Note 9: Disclosure in terms of Indian Accounting Standard 11 on the Accounting of Construction Contracts is as under:

The Company has recognized unbilled revenue during the year in respect of high value, long delivery orders which are delivered in parts over the execution period. The Unbilled revenue is calculated based on percentage of completion of individual contracts.

Note 10: New standards / amendments to existing standards issued but not yet adopted:

Following are the new standards / amendments to existing standards which have been issued by The Ministry of Corporate Affairs (''MCA'') that are not effective for the reporting period and have not been early adopted by the Company:

a. Issue of Ind AS 115 - Revenue from Contracts with Customers:

On March 28, 2018, the Ministry of Corporate Affairs (MCA) notified the new revenue recognition standard, viz., Ind AS 115 Revenue from Contracts with Customers. Ind AS 115 is applicable to the Company for the financial years beginning on or after April 1, 2018 for all the companies who have migrated to Ind AS. The new standard establishes a five step model related to revenue recognition from contracts with customers. It permits either ''full retrospective'' adoption in which the standard is applied to all of the periods presented or a ''modified retrospective'' adoption.

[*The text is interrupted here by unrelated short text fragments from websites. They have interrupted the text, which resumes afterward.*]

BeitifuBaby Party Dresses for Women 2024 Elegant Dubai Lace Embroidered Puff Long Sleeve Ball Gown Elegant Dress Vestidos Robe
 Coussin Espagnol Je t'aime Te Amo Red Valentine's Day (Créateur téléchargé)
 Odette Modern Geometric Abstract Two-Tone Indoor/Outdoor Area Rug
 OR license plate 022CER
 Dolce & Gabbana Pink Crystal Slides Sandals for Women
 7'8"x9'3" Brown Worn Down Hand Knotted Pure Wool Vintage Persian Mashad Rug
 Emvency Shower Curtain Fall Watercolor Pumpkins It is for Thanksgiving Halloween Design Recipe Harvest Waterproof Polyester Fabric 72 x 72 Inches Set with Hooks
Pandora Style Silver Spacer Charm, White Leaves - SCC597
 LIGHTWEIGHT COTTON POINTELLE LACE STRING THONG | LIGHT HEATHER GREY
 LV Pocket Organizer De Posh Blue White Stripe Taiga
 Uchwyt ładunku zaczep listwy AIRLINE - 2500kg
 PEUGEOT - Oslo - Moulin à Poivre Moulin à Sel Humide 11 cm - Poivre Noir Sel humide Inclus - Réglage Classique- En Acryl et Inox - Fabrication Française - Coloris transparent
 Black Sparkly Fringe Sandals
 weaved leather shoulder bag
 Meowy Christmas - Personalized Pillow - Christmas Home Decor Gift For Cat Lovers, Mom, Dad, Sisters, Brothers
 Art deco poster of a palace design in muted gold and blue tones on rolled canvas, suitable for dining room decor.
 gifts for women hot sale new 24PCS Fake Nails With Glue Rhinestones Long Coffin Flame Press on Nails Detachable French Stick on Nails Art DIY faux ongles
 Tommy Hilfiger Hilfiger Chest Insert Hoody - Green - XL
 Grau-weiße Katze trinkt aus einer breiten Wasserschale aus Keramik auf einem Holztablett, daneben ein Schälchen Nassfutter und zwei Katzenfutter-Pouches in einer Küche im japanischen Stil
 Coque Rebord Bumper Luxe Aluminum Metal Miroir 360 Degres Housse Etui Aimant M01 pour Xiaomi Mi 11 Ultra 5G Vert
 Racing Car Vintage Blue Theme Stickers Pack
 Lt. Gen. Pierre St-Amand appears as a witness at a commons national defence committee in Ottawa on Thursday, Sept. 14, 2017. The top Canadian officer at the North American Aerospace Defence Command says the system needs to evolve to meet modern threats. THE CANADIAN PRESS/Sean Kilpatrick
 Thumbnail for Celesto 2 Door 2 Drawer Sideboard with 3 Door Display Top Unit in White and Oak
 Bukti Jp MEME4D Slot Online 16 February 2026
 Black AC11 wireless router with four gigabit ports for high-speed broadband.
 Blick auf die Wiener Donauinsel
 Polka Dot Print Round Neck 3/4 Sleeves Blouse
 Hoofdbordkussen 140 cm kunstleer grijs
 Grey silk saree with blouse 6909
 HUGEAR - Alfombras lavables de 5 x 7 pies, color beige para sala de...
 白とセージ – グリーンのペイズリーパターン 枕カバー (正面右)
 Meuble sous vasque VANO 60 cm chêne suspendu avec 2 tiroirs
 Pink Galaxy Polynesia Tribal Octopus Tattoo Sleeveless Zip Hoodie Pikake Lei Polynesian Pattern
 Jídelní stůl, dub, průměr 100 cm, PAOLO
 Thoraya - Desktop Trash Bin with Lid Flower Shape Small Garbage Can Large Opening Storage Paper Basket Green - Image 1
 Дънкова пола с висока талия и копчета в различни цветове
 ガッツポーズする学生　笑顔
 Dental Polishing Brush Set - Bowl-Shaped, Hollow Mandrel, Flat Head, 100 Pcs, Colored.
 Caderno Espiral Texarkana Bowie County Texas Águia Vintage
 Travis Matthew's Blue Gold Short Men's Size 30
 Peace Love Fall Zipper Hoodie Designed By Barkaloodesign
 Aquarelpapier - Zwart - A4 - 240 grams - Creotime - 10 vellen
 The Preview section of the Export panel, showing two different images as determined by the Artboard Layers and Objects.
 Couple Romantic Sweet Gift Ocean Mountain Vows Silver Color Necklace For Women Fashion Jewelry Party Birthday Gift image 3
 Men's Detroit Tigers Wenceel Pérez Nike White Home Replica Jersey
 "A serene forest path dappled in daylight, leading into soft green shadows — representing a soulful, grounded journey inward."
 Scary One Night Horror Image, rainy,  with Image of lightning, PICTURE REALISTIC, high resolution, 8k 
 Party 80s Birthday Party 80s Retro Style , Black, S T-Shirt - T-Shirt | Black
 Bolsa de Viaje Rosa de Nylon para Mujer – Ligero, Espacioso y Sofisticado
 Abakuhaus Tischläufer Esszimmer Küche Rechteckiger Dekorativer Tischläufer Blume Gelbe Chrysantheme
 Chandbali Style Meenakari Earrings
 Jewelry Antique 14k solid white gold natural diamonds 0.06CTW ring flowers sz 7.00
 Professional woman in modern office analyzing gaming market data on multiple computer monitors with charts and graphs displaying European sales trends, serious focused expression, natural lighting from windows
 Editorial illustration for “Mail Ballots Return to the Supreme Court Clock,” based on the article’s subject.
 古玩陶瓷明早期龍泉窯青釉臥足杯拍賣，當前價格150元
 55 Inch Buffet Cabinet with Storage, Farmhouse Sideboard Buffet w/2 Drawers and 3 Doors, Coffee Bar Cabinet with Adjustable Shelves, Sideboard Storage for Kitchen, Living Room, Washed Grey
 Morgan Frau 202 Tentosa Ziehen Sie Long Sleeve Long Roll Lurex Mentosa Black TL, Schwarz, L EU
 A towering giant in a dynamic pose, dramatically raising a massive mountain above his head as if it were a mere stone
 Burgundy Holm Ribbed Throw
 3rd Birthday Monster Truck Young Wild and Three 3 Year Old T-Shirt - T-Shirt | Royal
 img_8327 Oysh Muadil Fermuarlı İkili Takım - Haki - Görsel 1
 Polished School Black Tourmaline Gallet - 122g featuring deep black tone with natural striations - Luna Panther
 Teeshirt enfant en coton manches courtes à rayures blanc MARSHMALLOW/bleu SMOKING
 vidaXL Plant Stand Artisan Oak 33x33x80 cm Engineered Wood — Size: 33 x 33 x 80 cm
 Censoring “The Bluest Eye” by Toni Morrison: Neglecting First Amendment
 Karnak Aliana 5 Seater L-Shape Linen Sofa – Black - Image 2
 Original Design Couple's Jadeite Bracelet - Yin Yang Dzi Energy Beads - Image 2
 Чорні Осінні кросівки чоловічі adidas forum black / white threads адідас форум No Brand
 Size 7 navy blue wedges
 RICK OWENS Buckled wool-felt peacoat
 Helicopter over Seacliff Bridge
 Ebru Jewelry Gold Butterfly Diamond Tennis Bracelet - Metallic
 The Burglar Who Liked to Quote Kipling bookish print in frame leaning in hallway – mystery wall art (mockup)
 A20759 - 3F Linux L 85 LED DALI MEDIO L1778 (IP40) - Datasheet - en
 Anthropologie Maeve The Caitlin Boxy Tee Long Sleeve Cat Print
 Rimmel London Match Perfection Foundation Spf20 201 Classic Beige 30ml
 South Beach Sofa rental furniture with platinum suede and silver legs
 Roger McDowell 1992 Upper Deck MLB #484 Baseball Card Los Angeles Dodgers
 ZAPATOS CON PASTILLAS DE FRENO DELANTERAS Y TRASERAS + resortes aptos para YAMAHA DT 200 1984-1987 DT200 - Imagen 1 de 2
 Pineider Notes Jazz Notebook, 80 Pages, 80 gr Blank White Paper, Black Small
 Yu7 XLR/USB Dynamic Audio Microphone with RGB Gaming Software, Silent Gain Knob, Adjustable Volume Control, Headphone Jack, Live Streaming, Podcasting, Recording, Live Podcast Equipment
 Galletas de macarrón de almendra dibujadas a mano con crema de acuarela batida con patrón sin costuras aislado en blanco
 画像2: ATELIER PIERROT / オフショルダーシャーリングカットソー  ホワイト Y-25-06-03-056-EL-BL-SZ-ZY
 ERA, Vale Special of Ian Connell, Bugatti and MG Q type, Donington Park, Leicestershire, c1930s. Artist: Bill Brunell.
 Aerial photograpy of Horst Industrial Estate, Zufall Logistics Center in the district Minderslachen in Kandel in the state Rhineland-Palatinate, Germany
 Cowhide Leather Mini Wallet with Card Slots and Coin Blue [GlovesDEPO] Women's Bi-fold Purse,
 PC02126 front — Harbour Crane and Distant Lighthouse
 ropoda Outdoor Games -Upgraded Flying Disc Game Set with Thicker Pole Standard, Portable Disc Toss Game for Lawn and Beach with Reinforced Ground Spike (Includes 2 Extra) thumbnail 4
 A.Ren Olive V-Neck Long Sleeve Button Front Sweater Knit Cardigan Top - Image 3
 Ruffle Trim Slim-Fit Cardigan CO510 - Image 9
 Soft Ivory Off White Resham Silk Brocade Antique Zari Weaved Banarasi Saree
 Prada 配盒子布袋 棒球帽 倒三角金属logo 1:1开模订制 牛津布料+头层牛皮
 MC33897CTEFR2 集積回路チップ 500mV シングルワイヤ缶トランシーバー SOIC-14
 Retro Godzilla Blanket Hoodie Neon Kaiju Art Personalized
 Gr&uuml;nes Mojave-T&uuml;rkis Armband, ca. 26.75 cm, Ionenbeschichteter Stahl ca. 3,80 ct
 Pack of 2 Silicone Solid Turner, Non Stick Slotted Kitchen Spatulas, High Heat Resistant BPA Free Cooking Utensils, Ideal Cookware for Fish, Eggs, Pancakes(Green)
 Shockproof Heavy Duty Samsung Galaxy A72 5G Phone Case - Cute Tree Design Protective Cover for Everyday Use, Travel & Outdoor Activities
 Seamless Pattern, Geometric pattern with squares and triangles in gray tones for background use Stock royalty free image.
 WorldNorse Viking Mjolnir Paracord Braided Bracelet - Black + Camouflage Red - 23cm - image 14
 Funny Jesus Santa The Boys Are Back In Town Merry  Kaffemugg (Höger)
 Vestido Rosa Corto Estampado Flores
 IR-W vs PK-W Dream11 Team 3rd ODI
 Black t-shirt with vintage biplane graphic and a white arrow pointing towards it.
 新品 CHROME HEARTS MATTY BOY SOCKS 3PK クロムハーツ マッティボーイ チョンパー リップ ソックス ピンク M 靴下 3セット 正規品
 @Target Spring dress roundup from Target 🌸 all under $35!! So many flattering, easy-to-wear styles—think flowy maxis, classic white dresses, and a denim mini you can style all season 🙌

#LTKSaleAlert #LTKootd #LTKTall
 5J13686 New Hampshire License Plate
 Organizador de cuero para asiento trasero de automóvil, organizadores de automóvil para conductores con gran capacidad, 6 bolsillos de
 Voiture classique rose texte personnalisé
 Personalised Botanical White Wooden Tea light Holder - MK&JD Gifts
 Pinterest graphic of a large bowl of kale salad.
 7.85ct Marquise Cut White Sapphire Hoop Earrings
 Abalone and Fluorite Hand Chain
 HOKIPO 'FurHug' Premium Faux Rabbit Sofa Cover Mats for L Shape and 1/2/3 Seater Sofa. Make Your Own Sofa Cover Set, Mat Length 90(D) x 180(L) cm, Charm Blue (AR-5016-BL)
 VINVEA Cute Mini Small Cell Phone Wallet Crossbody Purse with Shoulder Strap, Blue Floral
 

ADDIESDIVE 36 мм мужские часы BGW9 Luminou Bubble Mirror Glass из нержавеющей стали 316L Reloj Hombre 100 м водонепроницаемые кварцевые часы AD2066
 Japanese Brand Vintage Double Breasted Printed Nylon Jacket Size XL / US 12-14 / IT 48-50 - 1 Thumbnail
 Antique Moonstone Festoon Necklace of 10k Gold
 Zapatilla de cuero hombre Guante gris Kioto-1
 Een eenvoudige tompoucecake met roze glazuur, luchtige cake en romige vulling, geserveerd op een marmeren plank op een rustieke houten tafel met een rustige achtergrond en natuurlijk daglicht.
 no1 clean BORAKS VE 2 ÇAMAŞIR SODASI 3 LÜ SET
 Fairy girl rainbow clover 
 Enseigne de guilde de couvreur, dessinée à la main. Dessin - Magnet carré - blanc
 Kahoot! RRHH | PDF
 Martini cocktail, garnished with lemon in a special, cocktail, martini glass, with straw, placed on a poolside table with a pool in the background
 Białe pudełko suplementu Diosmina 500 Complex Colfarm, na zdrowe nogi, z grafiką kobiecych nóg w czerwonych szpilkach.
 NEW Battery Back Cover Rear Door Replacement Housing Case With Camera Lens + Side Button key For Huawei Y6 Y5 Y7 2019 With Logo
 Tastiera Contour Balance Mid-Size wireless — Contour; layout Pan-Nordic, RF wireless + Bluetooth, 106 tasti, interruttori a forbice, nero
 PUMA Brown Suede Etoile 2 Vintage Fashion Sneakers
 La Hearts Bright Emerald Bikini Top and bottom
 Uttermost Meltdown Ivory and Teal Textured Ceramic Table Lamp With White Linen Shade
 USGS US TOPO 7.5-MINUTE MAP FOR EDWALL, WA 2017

The Company is evaluating its various contractual arrangement and the available transition methods. The Company has established a team for evaluation of the contracts with customers to implement Ind-AS 115. Reliable estimates of the quantitative impact of Ind-AS 115 on the financial statements will be possible after a detailed evaluation.

b. Amendment to existing standards:

The MCA has also carried out amendments of the following accounting standards, applicable to the Company:

i. Ind AS 21 - The Effects of Changes in Foreign Exchange Rates;

ii. Ind AS 12 - Income Taxes

Application of above amendments are not expected to have any significant impact on the Company''s financial statements.